A friend recommended a new science book to me, The Particle at the End of the Universe, by Sean Carroll. I’m 50 pages in to it, but I’m so excited about what I’ve learned so far that I have to share.
Unlike Jim Holt, author of Why Does the World Exist?, which I’ve touched upon several times in this blog, Carroll is not a journalist with a knack for explaining science to the masses. He is a theoretical physicist at the California Institute of Technology, and someone I would love to have had as a lab partner when I was in college. Not only can he speak plain English, but he can demystify complicated ideas.

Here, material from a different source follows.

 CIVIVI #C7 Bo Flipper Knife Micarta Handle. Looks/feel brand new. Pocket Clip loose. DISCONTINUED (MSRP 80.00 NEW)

For example, I’ve read countless explanations about how tiny bits of matter can be both a wave and a particle at the same time. My mind refuses to contemplate the notion, however. “Give me an example in real life,” it insists. No book on science that I’ve read has ever managed it. The writers eventually throw up their hands and say the phenomenon is “mysterious.” Till now, I agreed. But Carroll gives his audience an inkling into this puzzle. I’m going to share it, not by using his example, but creating one of my own. If I fall on my face, I don’t want to take Carroll down with me. So here goes:
Imagine a cloth made of sand. You can pull it, lift it, twist it like an ordinary cloth but the substance is fluid. The sand can move around, clump or leave blank spaces, for example. When it clumps, it’s still the same cloth but the little pile becomes a particle with different properties – width, height, mass — from the other parts of the cloth where the sand is smooth. That’s how a tiny bit of matter can be a wave and a particle at the same time, all of it being nothing but energy.
No doubt my analogy is crude and imperfect but it helps my brain get around the unimaginable. If I’ve got it right, the concept isn’t mysterious but simple. If I’ve got it right, Carroll’s hard cover book is worth every penny I paid for it.